[Short text fragments from websites]
===
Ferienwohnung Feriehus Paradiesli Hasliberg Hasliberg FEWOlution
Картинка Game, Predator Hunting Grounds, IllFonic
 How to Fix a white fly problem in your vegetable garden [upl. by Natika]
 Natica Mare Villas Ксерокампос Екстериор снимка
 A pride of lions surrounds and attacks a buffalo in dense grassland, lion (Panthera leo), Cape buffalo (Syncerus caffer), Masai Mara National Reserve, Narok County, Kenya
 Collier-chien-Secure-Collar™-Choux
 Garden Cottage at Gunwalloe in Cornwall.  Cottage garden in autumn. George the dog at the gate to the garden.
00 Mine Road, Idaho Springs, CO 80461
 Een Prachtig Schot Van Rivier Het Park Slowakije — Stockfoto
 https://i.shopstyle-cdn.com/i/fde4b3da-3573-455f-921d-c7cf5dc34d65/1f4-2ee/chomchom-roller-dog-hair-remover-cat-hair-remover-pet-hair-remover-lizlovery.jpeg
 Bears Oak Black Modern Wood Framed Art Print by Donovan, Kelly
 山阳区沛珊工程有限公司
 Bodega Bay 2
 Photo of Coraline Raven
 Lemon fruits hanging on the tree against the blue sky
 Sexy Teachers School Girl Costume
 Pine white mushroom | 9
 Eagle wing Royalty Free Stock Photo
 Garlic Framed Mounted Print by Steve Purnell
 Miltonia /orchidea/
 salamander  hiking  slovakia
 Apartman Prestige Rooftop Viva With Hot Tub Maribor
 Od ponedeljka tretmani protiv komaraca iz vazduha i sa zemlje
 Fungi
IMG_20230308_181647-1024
===
- _Problem details_
One stretch of the lines above is wanted, from the line that contains "How to Fix a" through the line that contains "Een Prachtig Schot". Output it exactly.

- _Answer section_
 How to Fix a white fly problem in your vegetable garden [upl. by Natika]
 Natica Mare Villas Ксерокампос Екстериор снимка
 A pride of lions surrounds and attacks a buffalo in dense grassland, lion (Panthera leo), Cape buffalo (Syncerus caffer), Masai Mara National Reserve, Narok County, Kenya
 Collier-chien-Secure-Collar™-Choux
 Garden Cottage at Gunwalloe in Cornwall.  Cottage garden in autumn. George the dog at the gate to the garden.
00 Mine Road, Idaho Springs, CO 80461
 Een Prachtig Schot Van Rivier Het Park Slowakije — Stockfoto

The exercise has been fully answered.